**REQUIRED WORK:** If pictures appear among the lines below, leave them out while you return exactly the lines from the one with "イノイロが投稿したフォトブック | Lemon8" through the one with "Handful of seeds.".

**DATASET ENTRIES:**
******

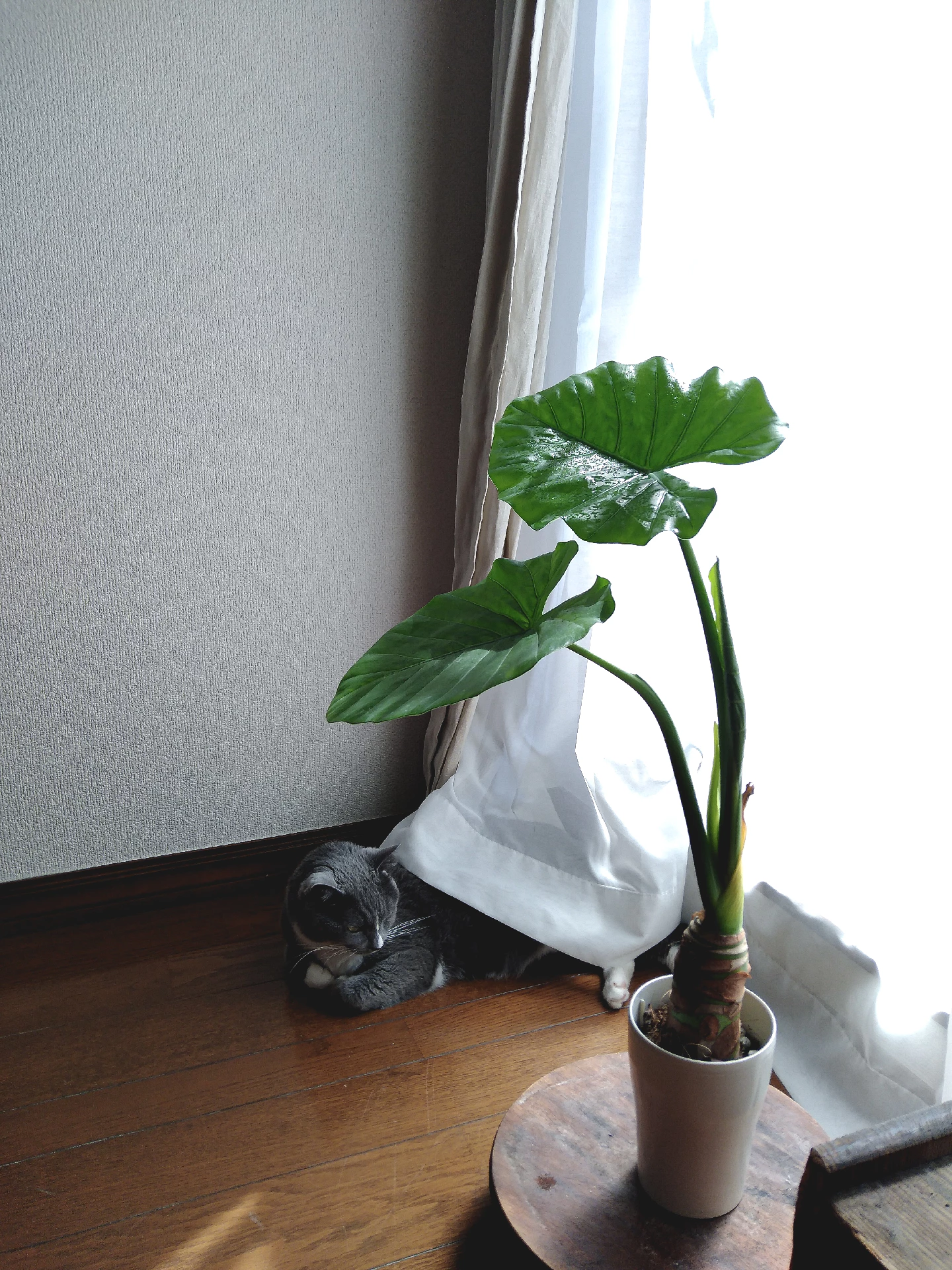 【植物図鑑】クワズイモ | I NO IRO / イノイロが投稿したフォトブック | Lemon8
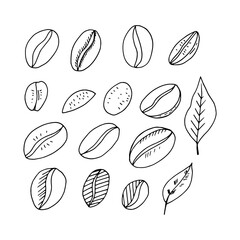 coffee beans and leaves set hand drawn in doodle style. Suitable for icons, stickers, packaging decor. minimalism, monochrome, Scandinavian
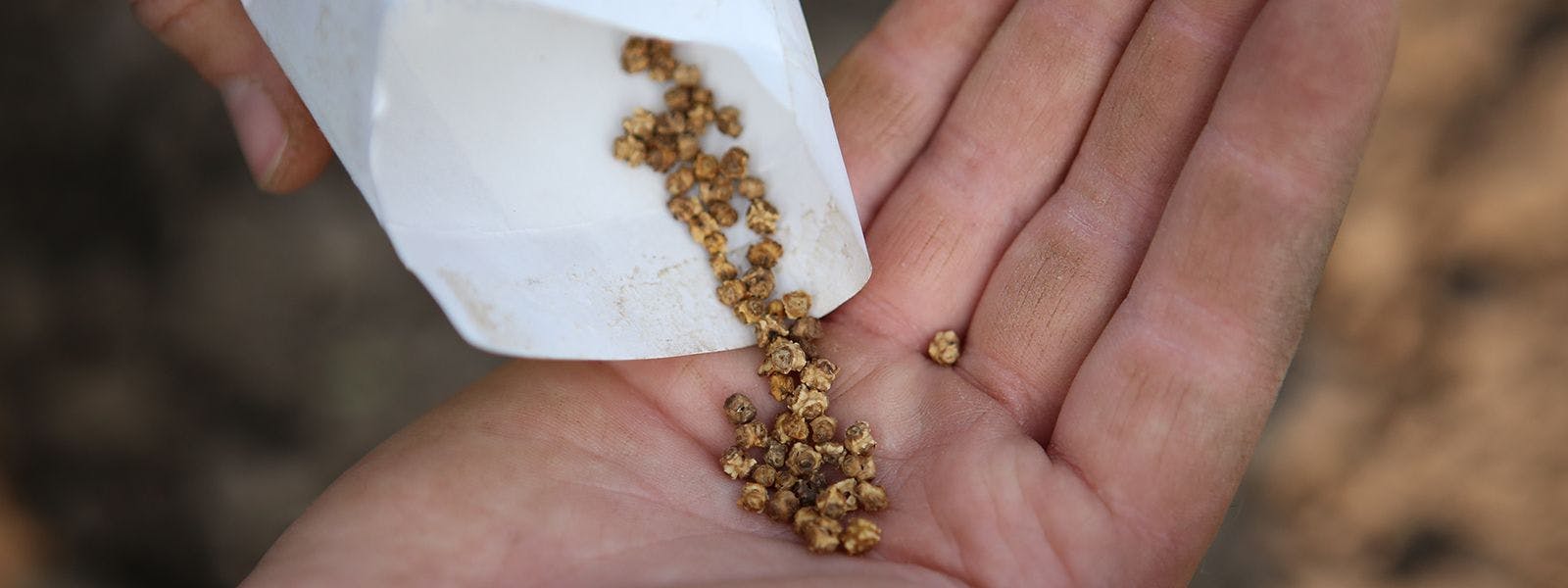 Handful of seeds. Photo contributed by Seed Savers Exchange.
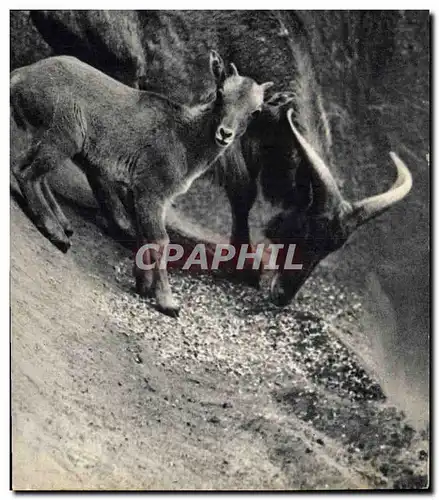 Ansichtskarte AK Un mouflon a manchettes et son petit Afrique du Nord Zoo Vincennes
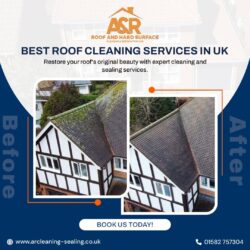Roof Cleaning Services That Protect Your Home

******

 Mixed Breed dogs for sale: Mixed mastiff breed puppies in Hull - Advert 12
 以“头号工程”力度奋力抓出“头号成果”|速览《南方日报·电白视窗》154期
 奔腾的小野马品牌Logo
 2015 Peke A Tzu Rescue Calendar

******

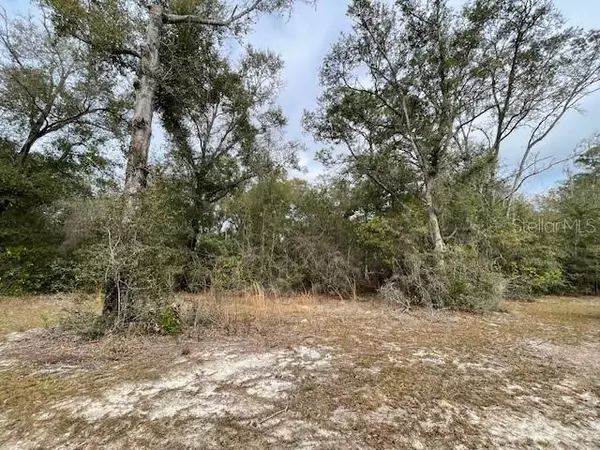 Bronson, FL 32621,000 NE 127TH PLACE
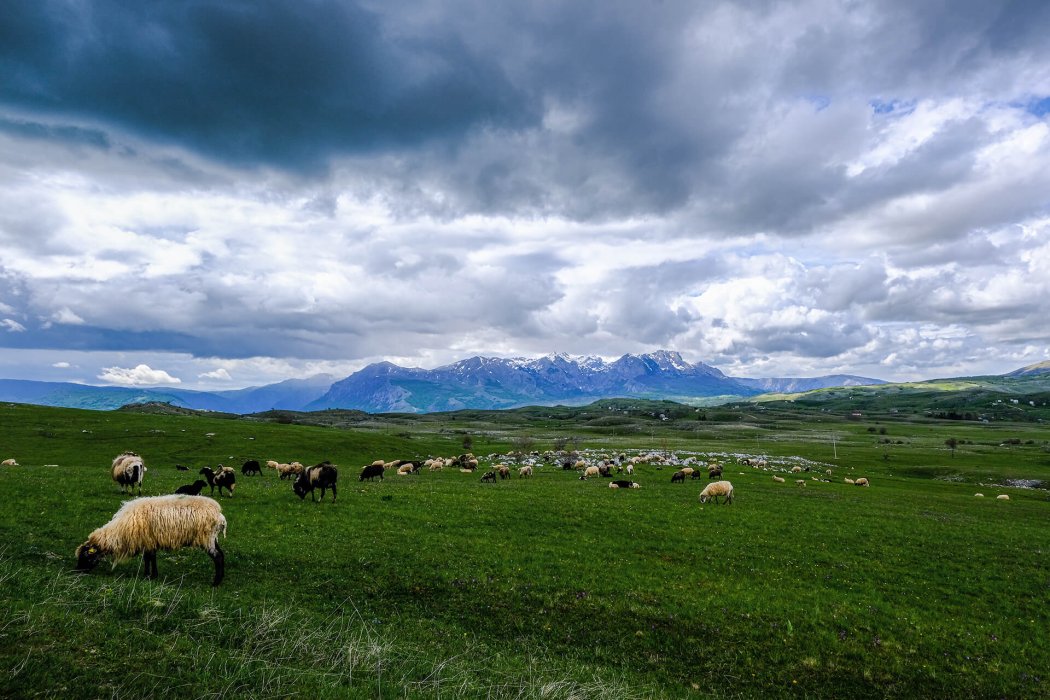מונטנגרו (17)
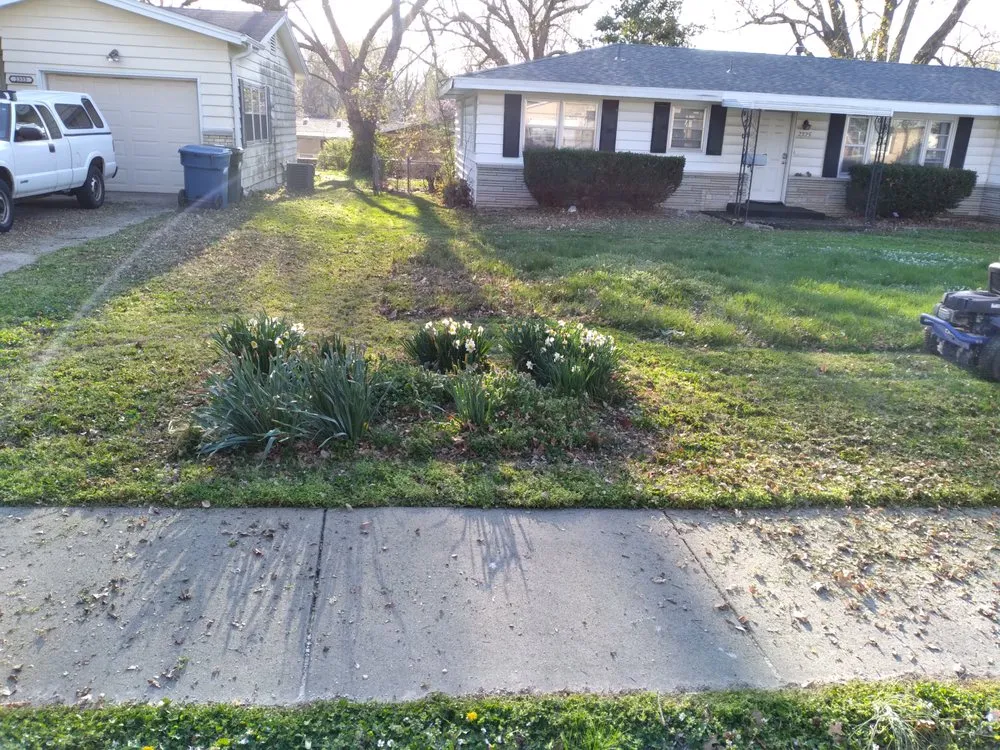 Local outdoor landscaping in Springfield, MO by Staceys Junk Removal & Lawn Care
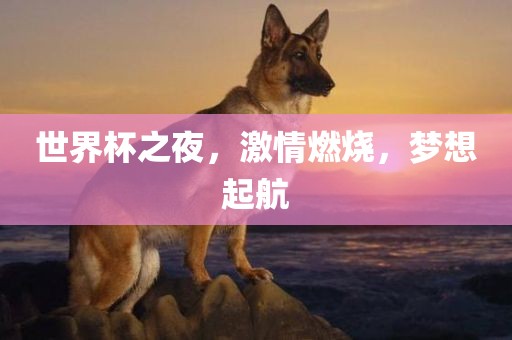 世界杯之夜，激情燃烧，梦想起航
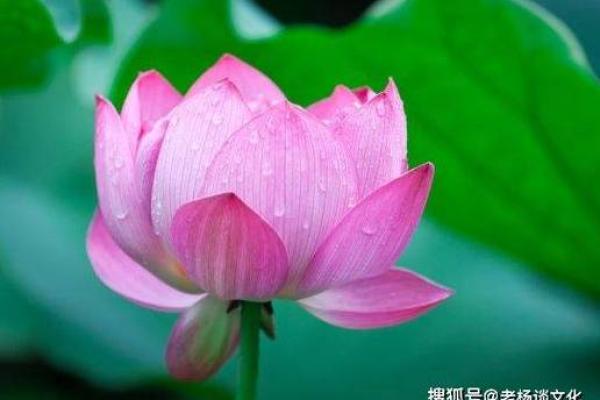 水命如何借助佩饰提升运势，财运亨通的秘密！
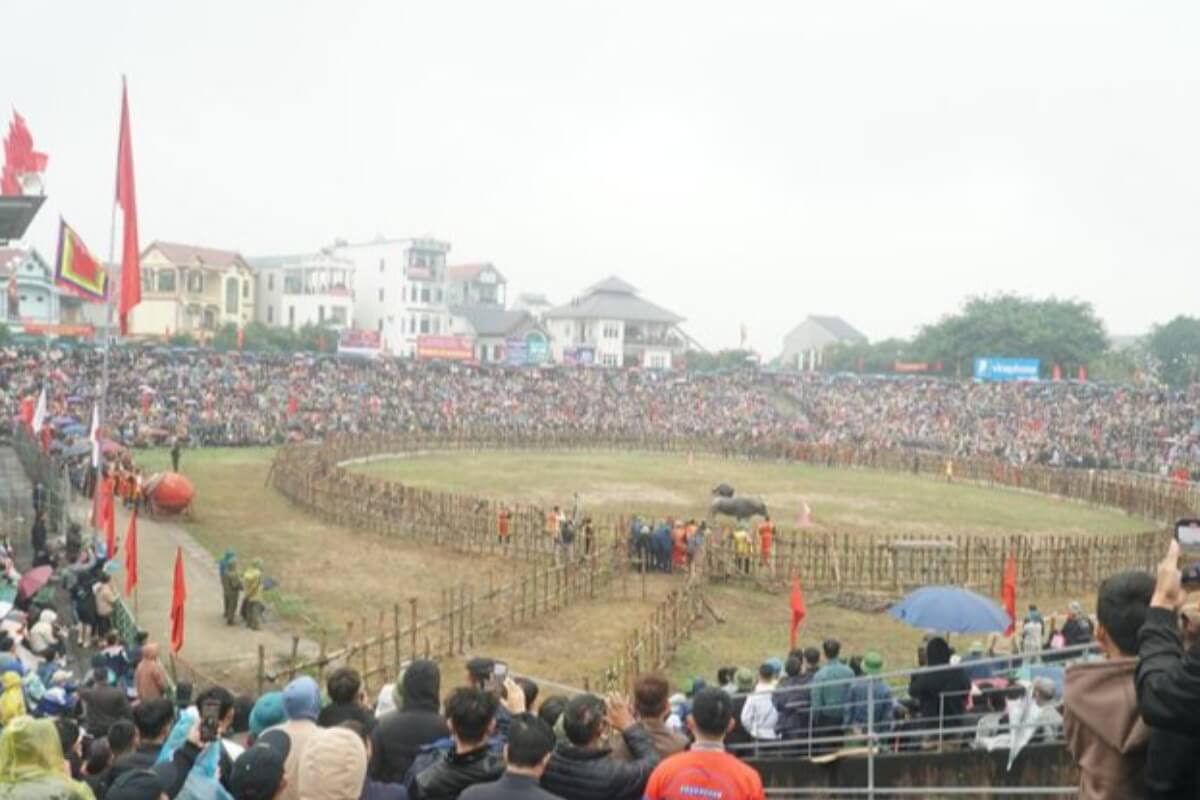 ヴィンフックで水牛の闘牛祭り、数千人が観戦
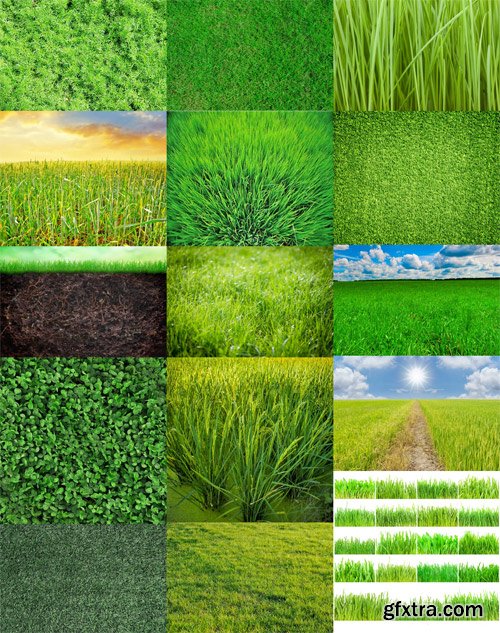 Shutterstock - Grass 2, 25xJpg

******

**OUTPUT OF THE TASK:**
 【植物図鑑】クワズイモ | I NO IRO / イノイロが投稿したフォトブック | Lemon8
 coffee beans and leaves set hand drawn in doodle style. Suitable for icons, stickers, packaging decor. minimalism, monochrome, Scandinavian
 Handful of seeds. Photo contributed by Seed Savers Exchange.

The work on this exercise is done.